I left the movie, thinking it was okay as a gesture of comedy, but disappointed by the sexism, and the fact that if this was indeed made for adolescent boys, then Priuses had become untouchable, and the idea that feminine=bad (and funny!) had been reinforced.
But, then I thought, maybe everything in the movie had been an attempt, perhaps unsuccessfully, to prod the original stereotype.

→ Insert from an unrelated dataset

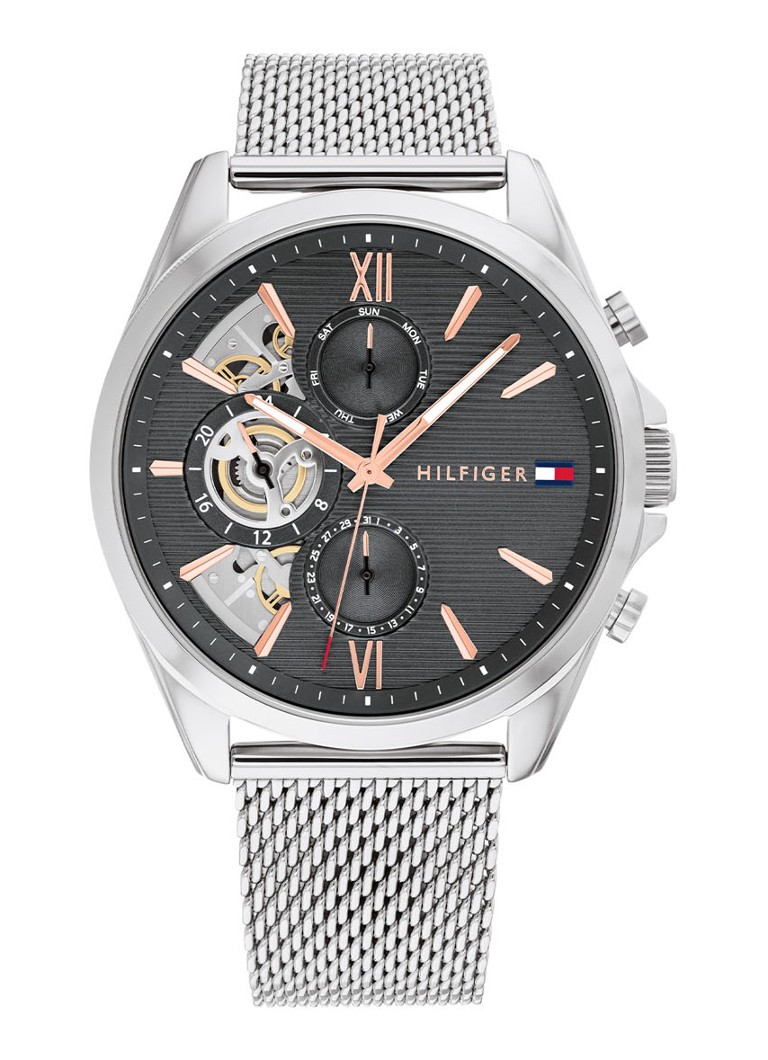 Tommy Hilfiger Heren Baker horloge TH1710646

Maybe even down to the sexism, it was mocking the ridiculous masculinity of the cop genre.
As counterpoint to my original balks (a rebalking!):
- Wahlberg’s hatred of his partner’s “weakness” is overplayed to show the fear of femininity in cop movie culture
- The bro rant against the Prius is overplayed to emphasize the above, and to highlight the general nonsensical misogyny of the genre
- Eva Mendes’ role is a play on how often ugly cops have gorgeous wives they mistreat, and these wives often conveniently announce a pregnancy to raise the stakes, as well as always exist to offer the downtrodden male cop succor and sex (and dinner).
- Wahlberg’s stalking is a direct reference to Carlito’s Way, where Carlito does indeed stalk Penelope Anne Miller in her ballet class, which is portrayed as romantic.
- There aren’t any women besides wives, girlfriend’s, and a hooker or two in cop movies.
- Ferrell’s pimp past as a take on the dark side the cops are given to show their understanding of the law, and the animal within.
And so, instead of being irritatingly blind and glib, the movie becomes savvy, part of the posse, leaning towards a feminist critique of masculinity. And, this might have actually been a key theme in the original script. If it was in there, the movie was re-shaped so unevenly by its final product, this theme is smothered enough to almost become invisible, and certainly for the 14-year-olds out there watching, non-existent.
Confusingly, Entertainment Weekly reviewed the movie as “a comedy of manhood for the age of emasculation.” Emasculation here seems like the wrong word, and leans towards the old school of offense. Perhaps what it tried to be was a comedy of manhood for the age of men as real people. Now, if the ladies (and the poor Prius) could get the same service.